What to do: Restate, word for word and with no pictures, the stretch of lines in the data below that begins at the line with "Детская футболка It's" and ends at the line with "Yu Gi Oh Mp15 Fr231 Cycle Nekroz Rare", inclusive.

Listed records:

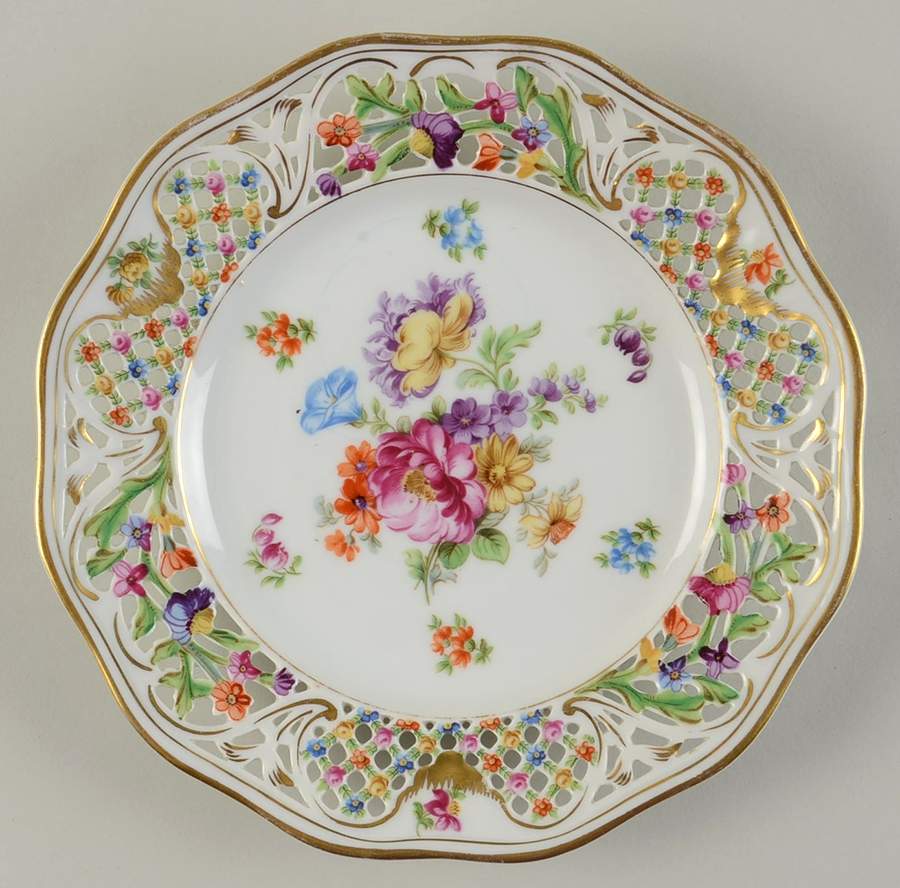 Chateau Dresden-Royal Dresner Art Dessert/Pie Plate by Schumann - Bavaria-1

==

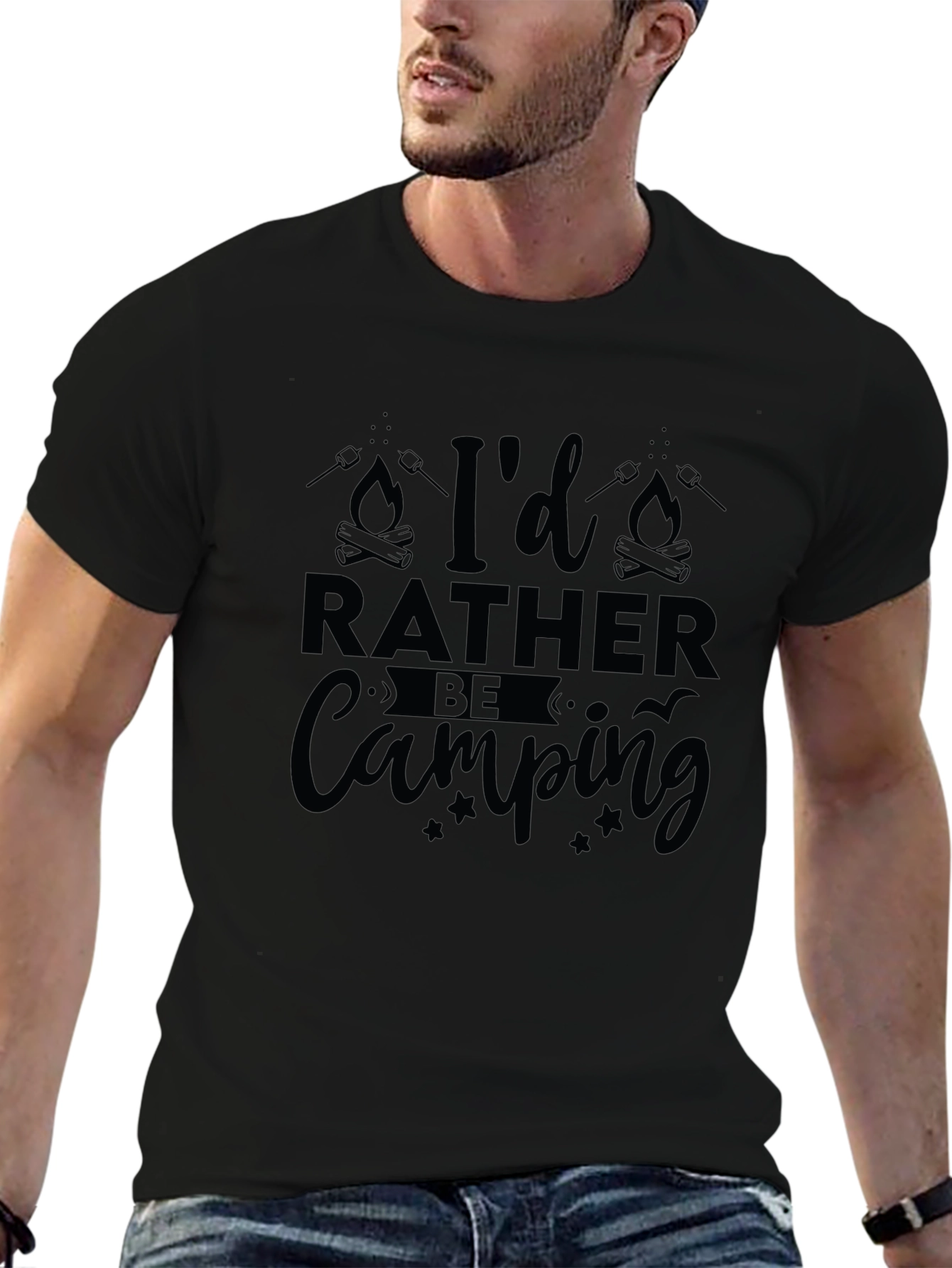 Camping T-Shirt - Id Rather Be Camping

---

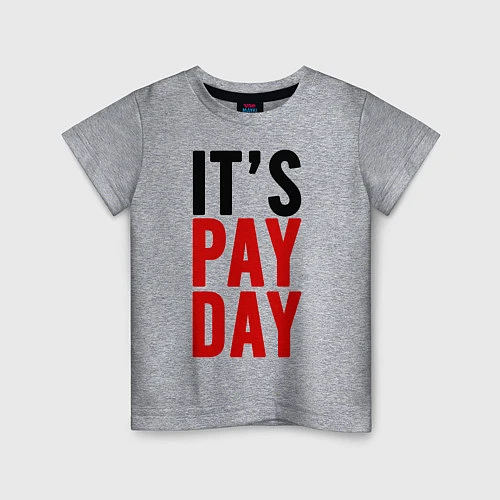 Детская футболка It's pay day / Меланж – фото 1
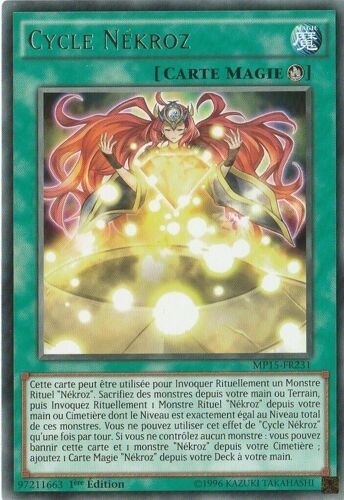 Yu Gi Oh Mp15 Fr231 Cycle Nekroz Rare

Your response:
 Детская футболка It's pay day / Меланж – фото 1
 Yu Gi Oh Mp15 Fr231 Cycle Nekroz Rare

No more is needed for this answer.